# Exercise description:
Nothing but the lines from the one including "[ SEP 26 | 8pmET | LIVE on @​ParamountPlus ]" through the last line of the entries, restated exactly, should appear in the answer; omit the pictures.

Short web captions
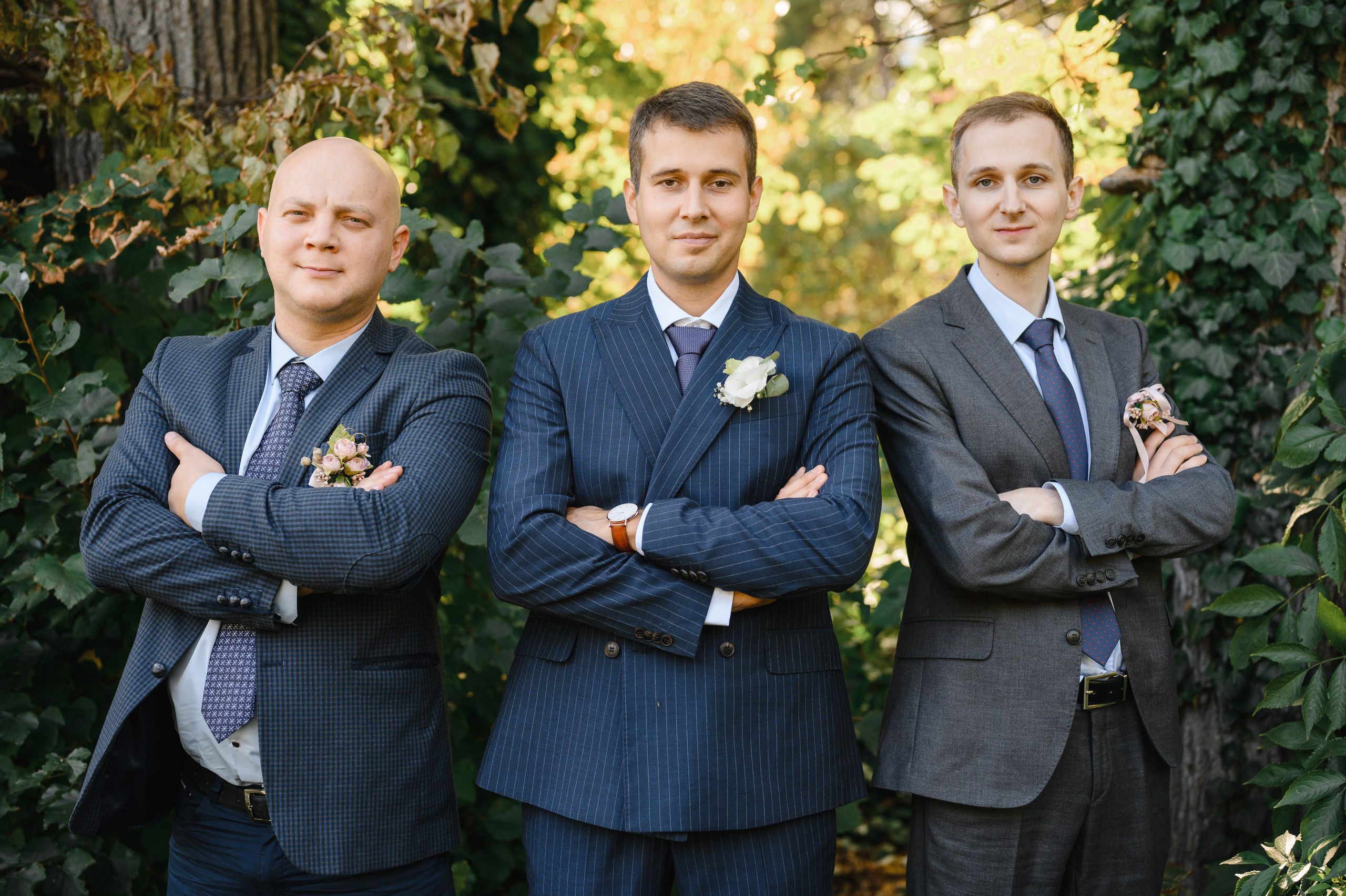 Анонс свадьбы Андрея и Иры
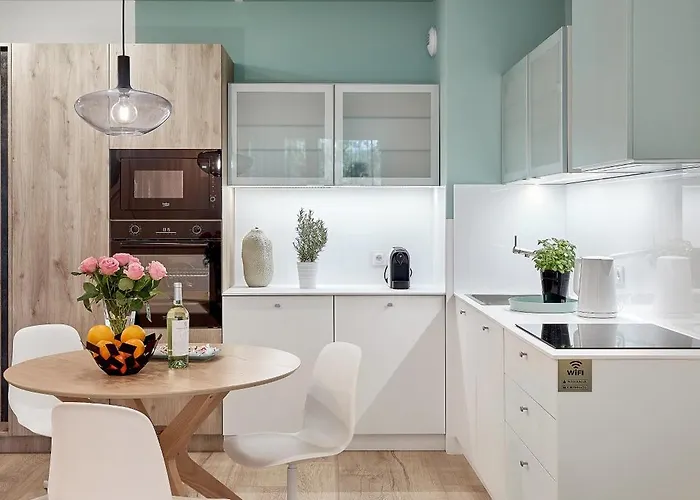 Premium Apartment Bydgoszcz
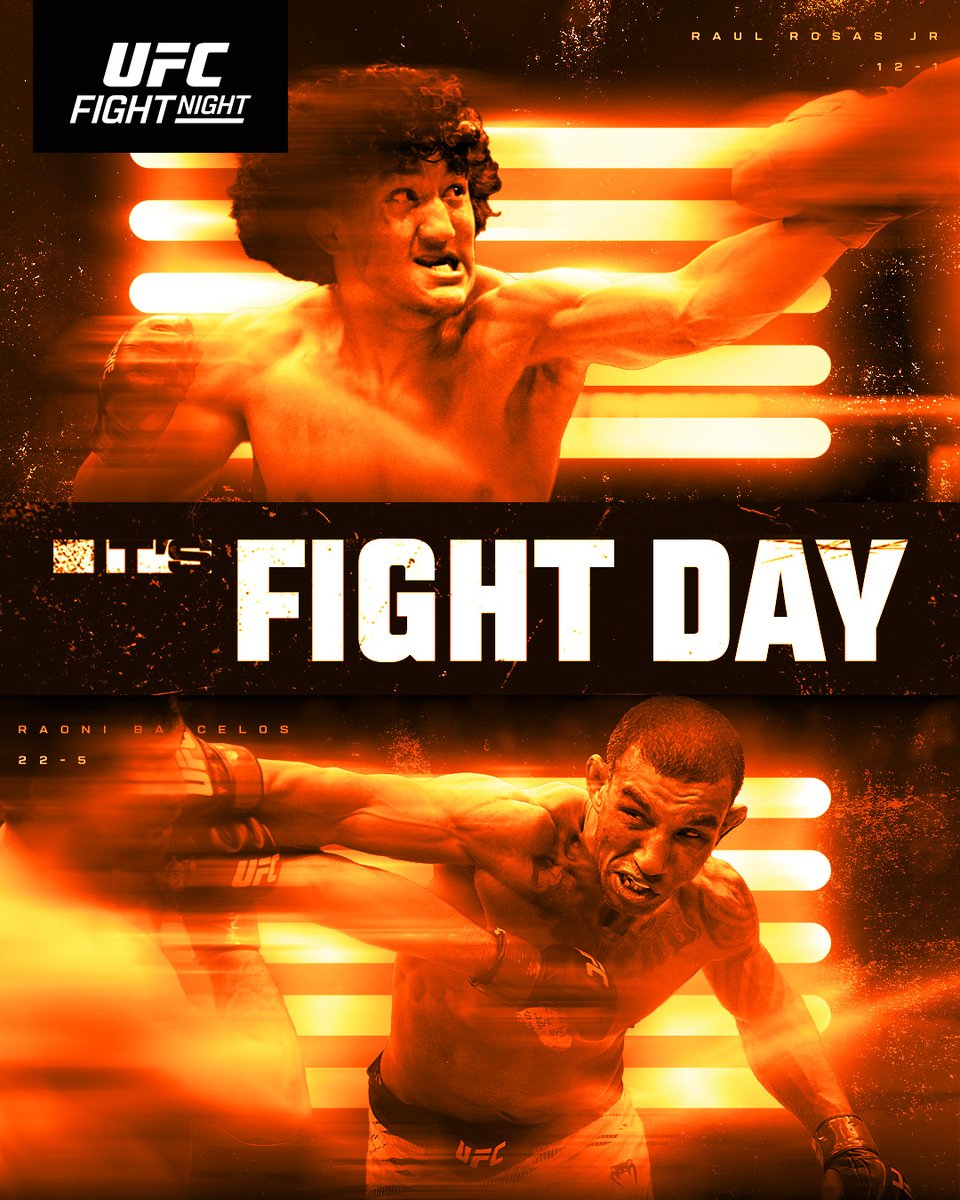It's #UFCVegas121 FIGHT DAY

Let’s hear your predictions 🗣️

[ SEP 26 | 8pmET | LIVE on @​ParamountPlus ] 
 [📷](https://pbs.twimg.com/media/HTFP_93aYAAobvW.jp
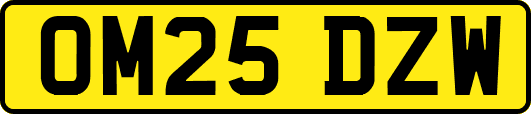 OM25DZW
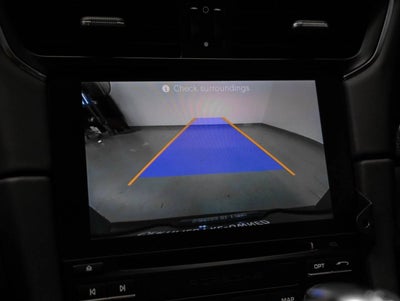 2018 Porsche 911 911 GT2 RS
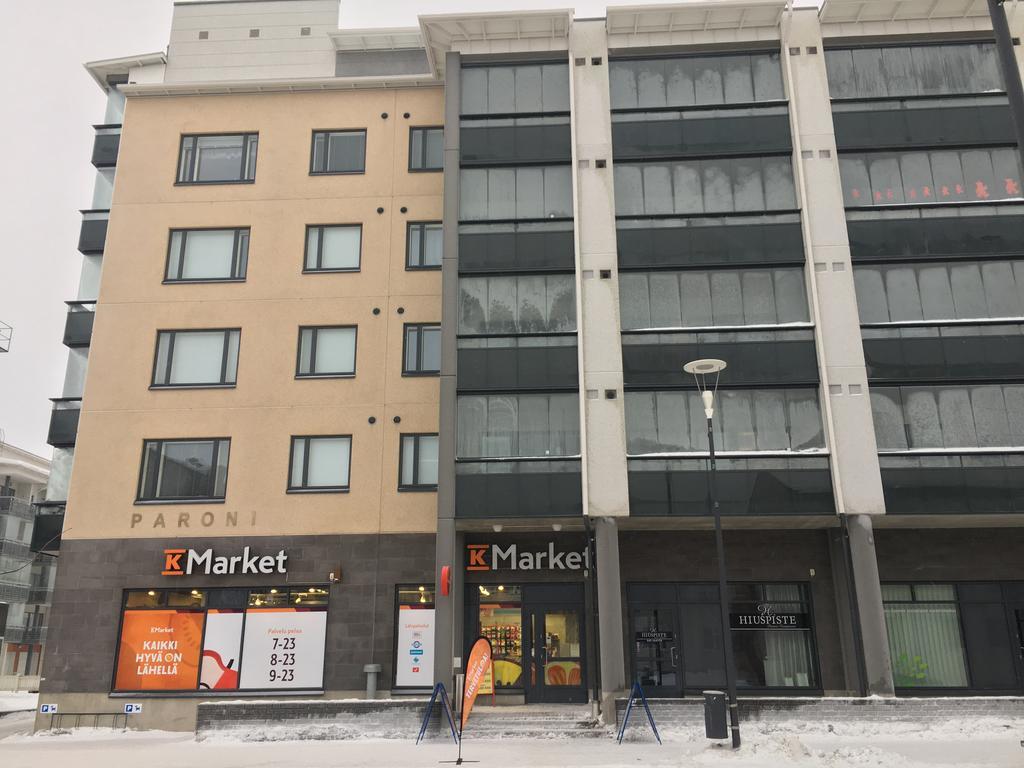 Santalux Apartment 2 Ροβανιέμι Εξωτερικό φωτογραφία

# Expected output:
[ SEP 26 | 8pmET | LIVE on @​ParamountPlus ] 
 [📷](https://pbs.twimg.com/media/HTFP_93aYAAobvW.jp
 OM25DZW
 2018 Porsche 911 911 GT2 RS
 Santalux Apartment 2 Ροβανιέμι Εξωτερικό φωτογραφία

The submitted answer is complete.